Once Spain and UK (for Gibraltar area) have notified the Commission of a new law transposing the EU Timeshare Directive in their correspondent territories, all Member States have now transposed the Directive into their national law, looking to protect this tourist activity with an economic significance demonstrated by the fact that roughly 1.5 million European households are timeshare owners.
New rules provide significant protection for consumers against unwanted timeshare contracts and contracts on similar holiday products, which often bear considerable financial risks for consumers. In particular, consumer protection has been extended to additional holiday products, for instance timeshare contracts for a period under three years, timeshare-resale contracts, timeshare exchange schemes and long-term holiday products such as participation in holiday discount clubs. There is now a uniform EU-wide 14-day cooling-off period, during which consumers may change their mind and withdraw from the contract while traders may not ask for any payments.
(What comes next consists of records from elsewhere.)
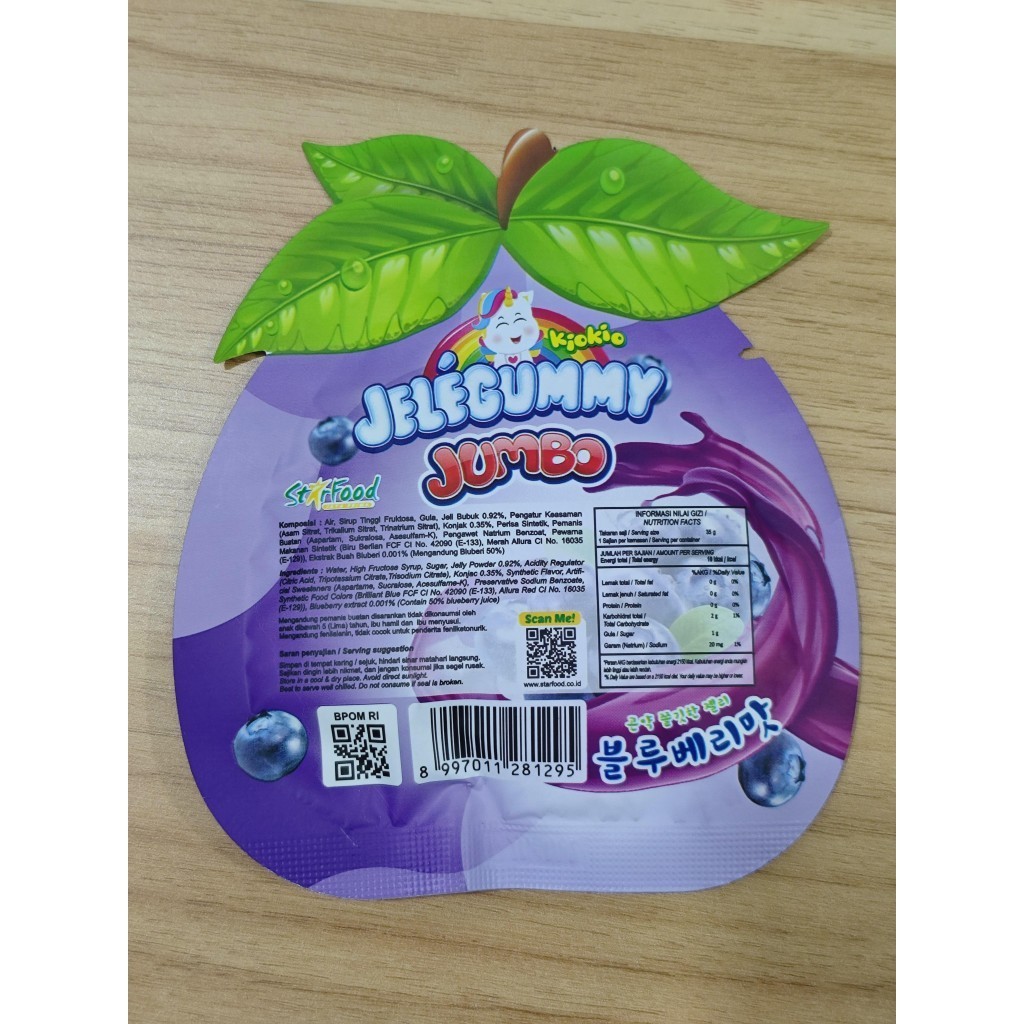 

bGF [BOX ISI 24] Kiokio Jelegummy Jumbo Chewy Konjac Bluberry 35gr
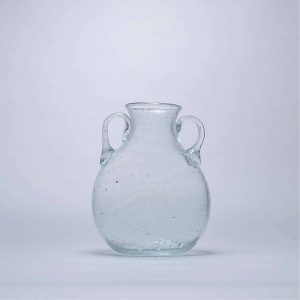Recycled Glass Round & Flat Vase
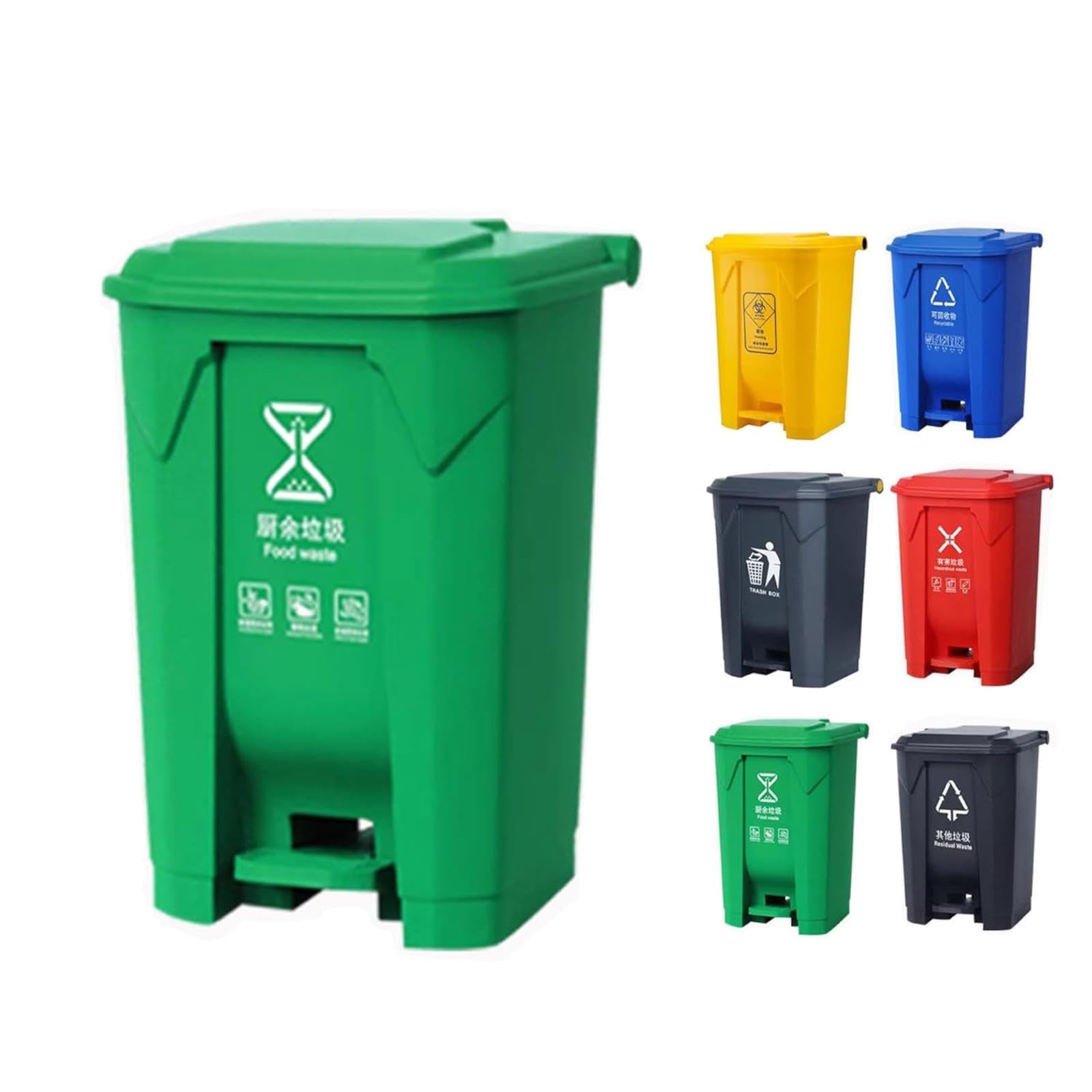 VITIWEDTY Step-On Outdoor Trash Can with Lid, Durable PP Garbage Bin, Odor-Sealing Waste Container for Home and Outdoor Use (Green 26 Gallon)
Under the Directive, traders must provide detailed information to consumers in good time, before the consumer is bound by any contract, including the price to be paid, a description of the product and the exact period and length of stay that the consumer is entitled to under the contract. This information should be provided in the consumer’s own language if they need it.
“The Commission’s persistence has paid off, to the benefit of European consumers” stated the EU Commissioner for Justice, Fundamental Rights and Citizenship Viviane Reding. The next step will be carrying out a thorough assessment of the overall quality and completeness of the transposition, ensuring the whole process to be applied and completed in the adequate terms.